The old timers liked me, though, because I kept them laughing. Once in a while I took little moral stands which they found ridiculous but endearing. There was the time I refused to work on a new business pitch for our affiliate in Chile. "Because of Pinochet," I explained. And they kidded me for months afterward.

After two years, when I finally left advertising to return to school, I felt like a prisoner on parole, leaving his fellow inmates behind. The old timers threw me a party and wished me the best of luck. I knew they were envious. I'd managed to escape but they were stuck.

The delivery man in the elevator--he was stuck too. Yet he sang on his way to work.

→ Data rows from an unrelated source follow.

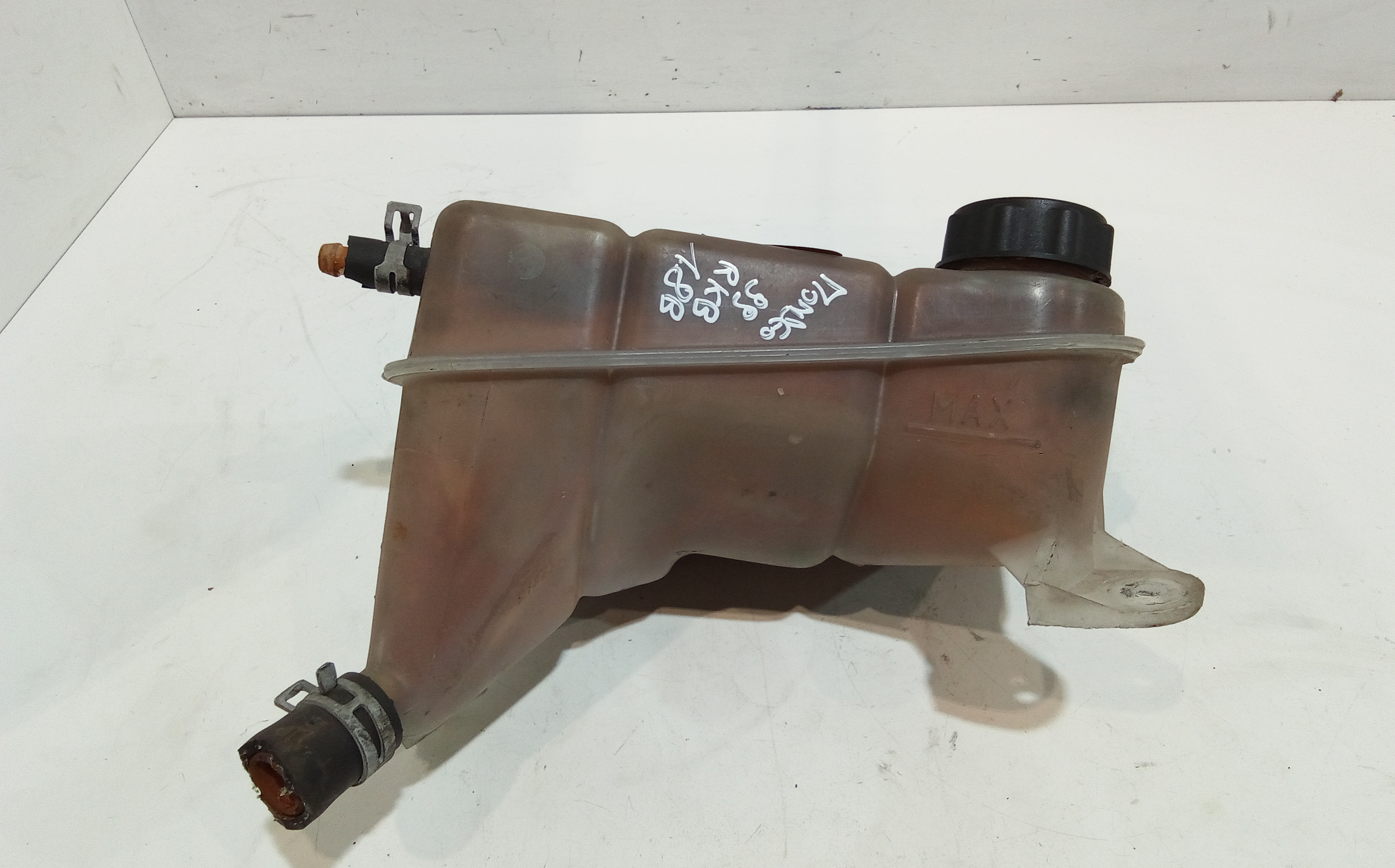 Vaschetta Compensazione Radiatore 1078157 Usato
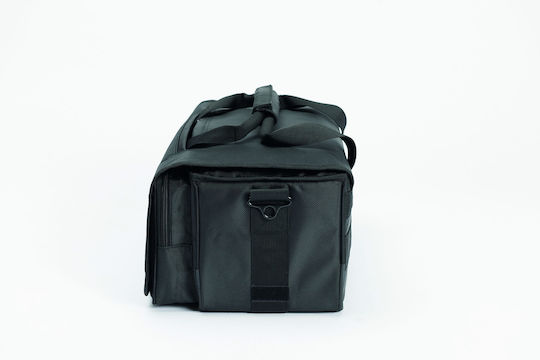 Magma 45 Record-Bag 150 Black/Khaki-Green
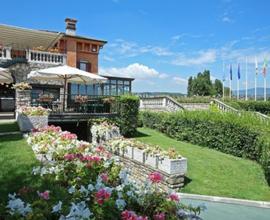 Monolocale al Garda golf di Soiano del Lago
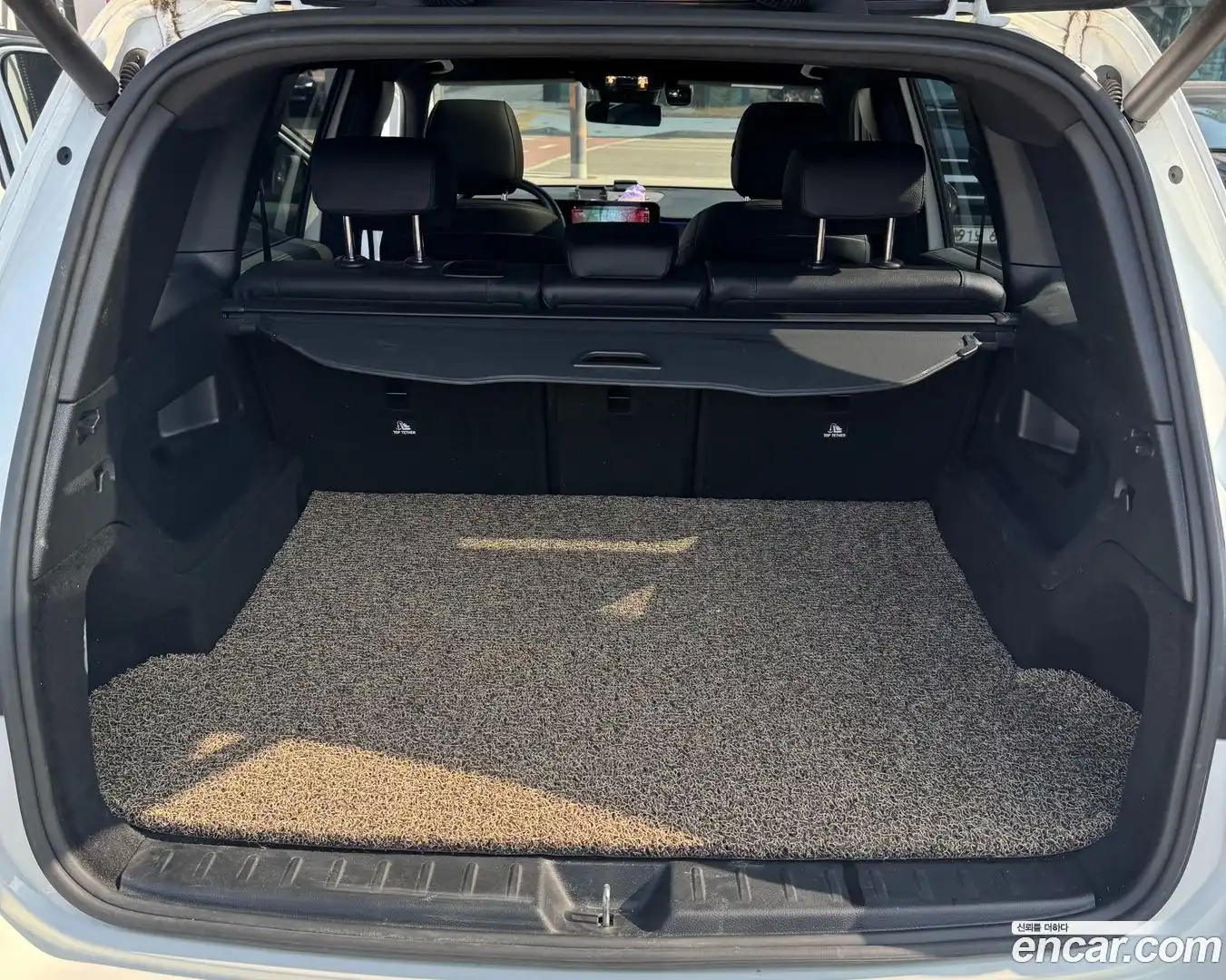GLB-Class Mercedes-Benz 2021.5-OPTION-017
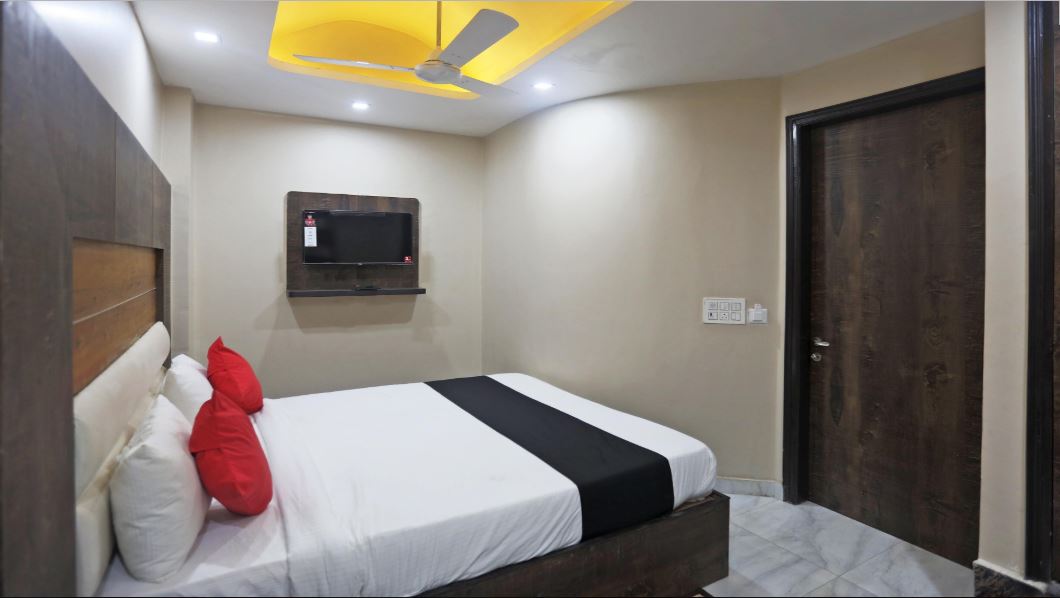 Hotel Raj Mahal Amritsar | Book Hotel with Up to 25% OFF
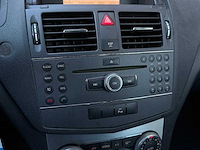 Mercedes-benz - c-klasse - 180 k bluee. avan. - car - 2009|47-jxb-6|iaw - afbeelding 4 van  24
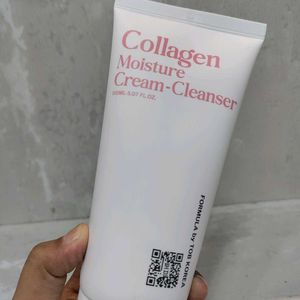 Korean Cleanser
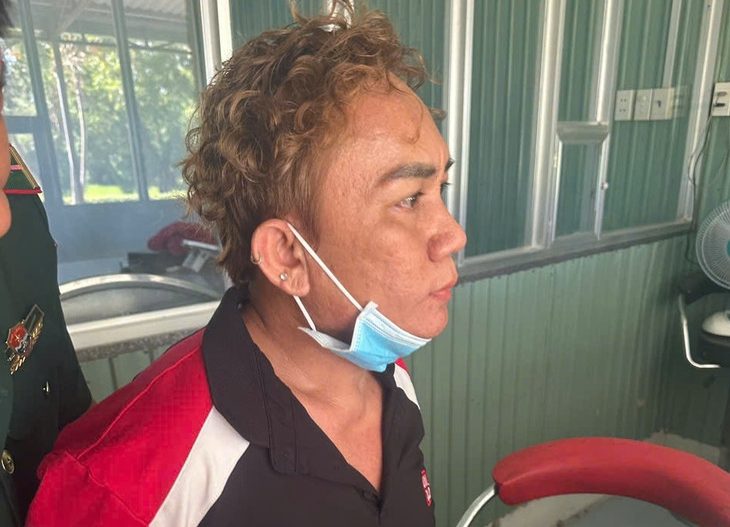 Lời khai của người anh trai lao xe vào nhà chị ruột, tông em gái tuvong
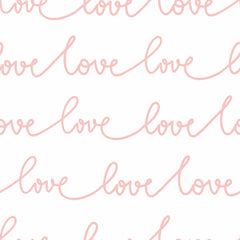 Valentine's Seamless Digital Paper - CraftNest - Digital Crafting and Art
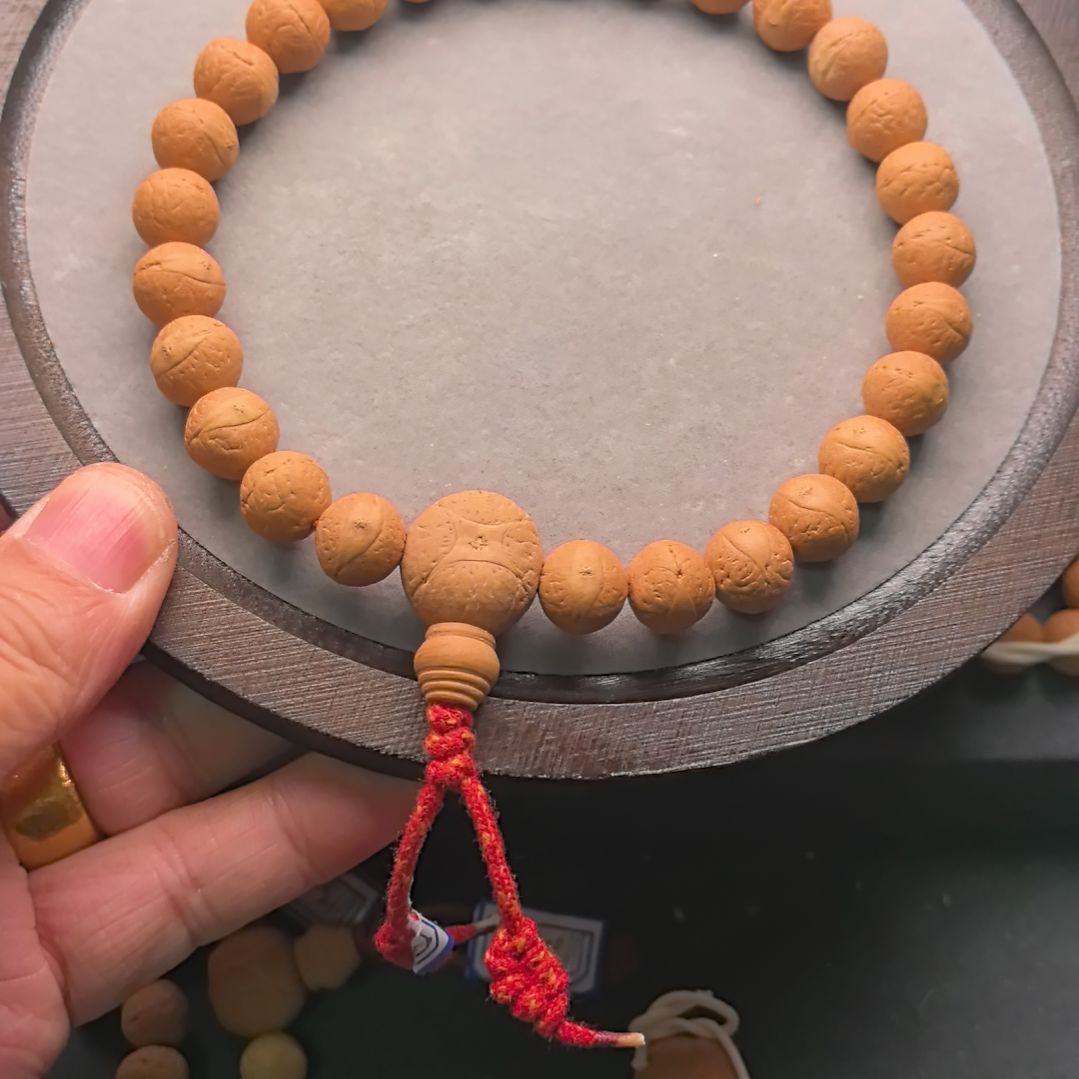 手串凤眼菩提凤眼菩提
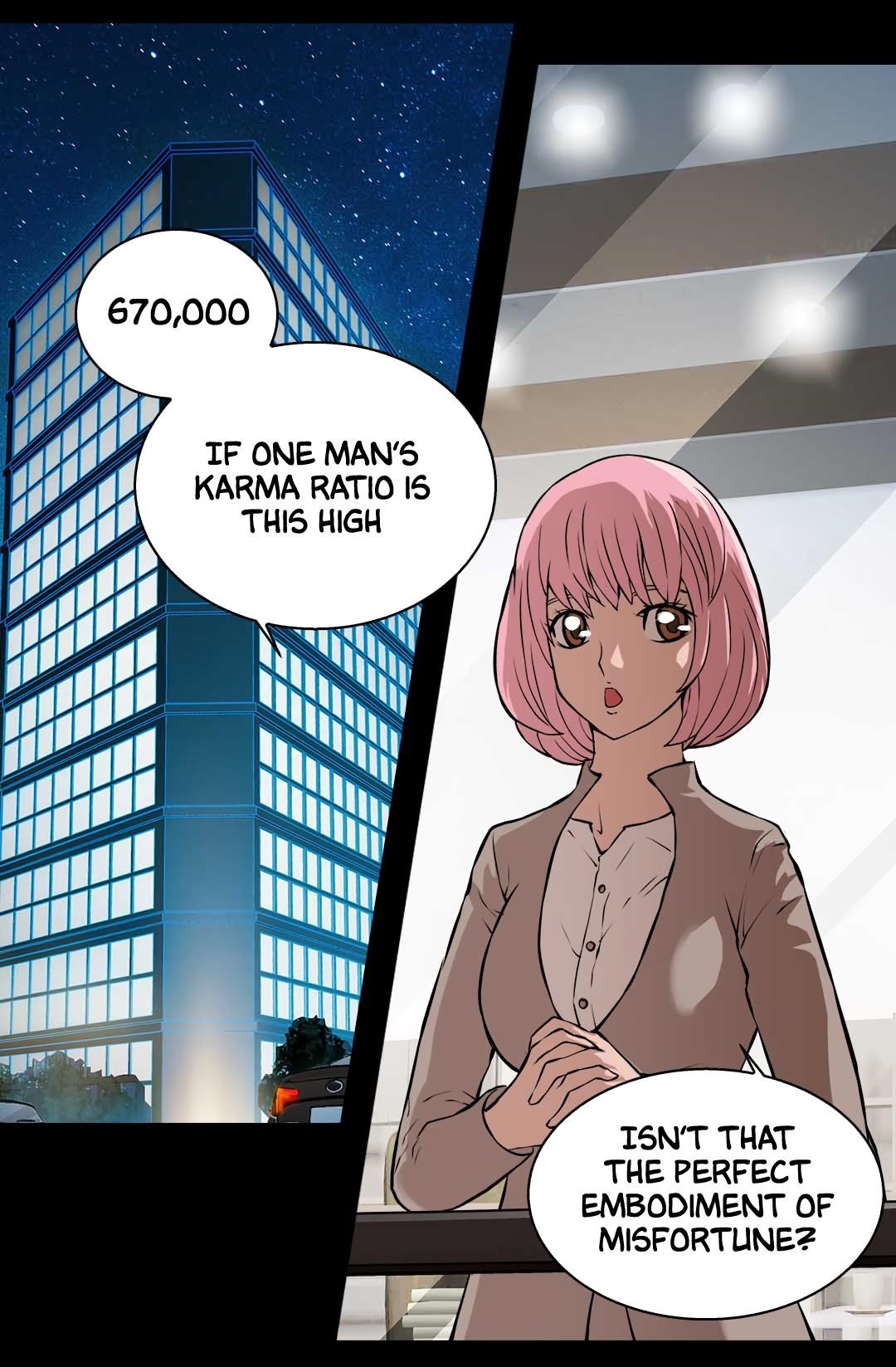 Other World Warrior Chapter 23 - Page 32 in English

"All those sorrowful faces," he said, shaking his head.

How was it, I wondered,  that some people kept on singing, while other just went on--silent?

"Have a good day, ya hear?" he said as the got off at the fifth floor. As the elevator door closed, I heard him humming a bluesy tune.

Maybe he was singing for all the others--the silent ones, the old timers, I mused. And I thought of his ancestors, how they sang in the cotton fields and how they called their songs "the sorrow songs."


1 comment:

Unknown said...

This story reminded me of one of my Dad's stories, "I Gave at the Office." Also, it was a great description of my life. It makes me think my life must be dreary! Not really, my job is drearY!!! The thing is, it's best to be positive and keep on singing.